Aside from making absurd statements, your English is terrible. I feel sorry for your child. Any how, this response isn't about your "use" of the English language. This response stems from the fact that you said that you would send your child to Sandy Valley. Sandy Valley actually passes levies. Their school looks like a castle. They actually care about their children.

I want the students of Carroll County to enjoy the same educational opportunities as students from schools like Sandy Valley. That only happens if people like YOU educate yourself.

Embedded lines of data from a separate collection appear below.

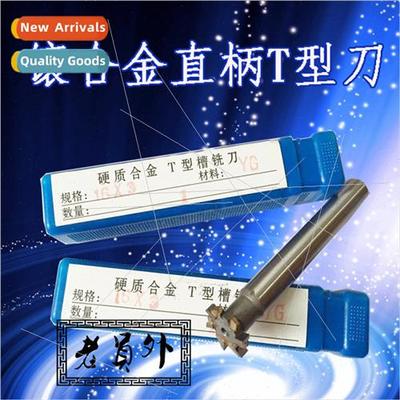 Carbide inserted welded tungsten steel straight shank T-slot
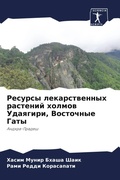 Cover: ??????? ????????????? ???????? ?????? ?? - Sciencia Scripts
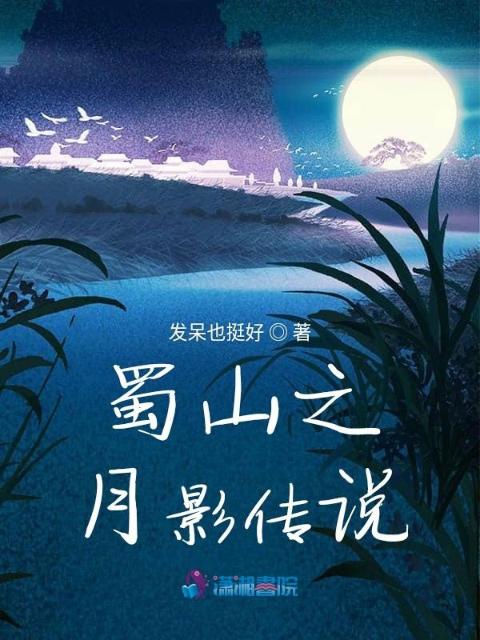 蜀山之月影传说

Instead of finding reasons to vote no, why not try to find reasons to vote yes? Just a thought...
Tired of the Game

Minerva, OH

#22 Nov 7, 2013
From the looks of the spelling and grammar , I think they ALL must have gone to Carrollton schools . What does that tell you ? Argue as you may folks, until the people feel the school district is doing a better job NO one is going to vote for ANY school levy for Carrollton Exempted Schools and that's a sorry FACT .
FU tired

Uhrichsville, OH

#23 Nov 7, 2013
You can stick it in your @$$, tired of the game. A school district doesn't get an excellent with distinction score without doing something right. To pretend the school isn't doing a good job at educating is just plain absurdity.

Dover, OH

#24 Nov 7, 2013
FU tired wrote:
You can stick it in your @$$, tired of the game. A school district doesn't get an excellent with distinction score without doing something right. To pretend the school isn't doing a good job at educating is just plain absurdity.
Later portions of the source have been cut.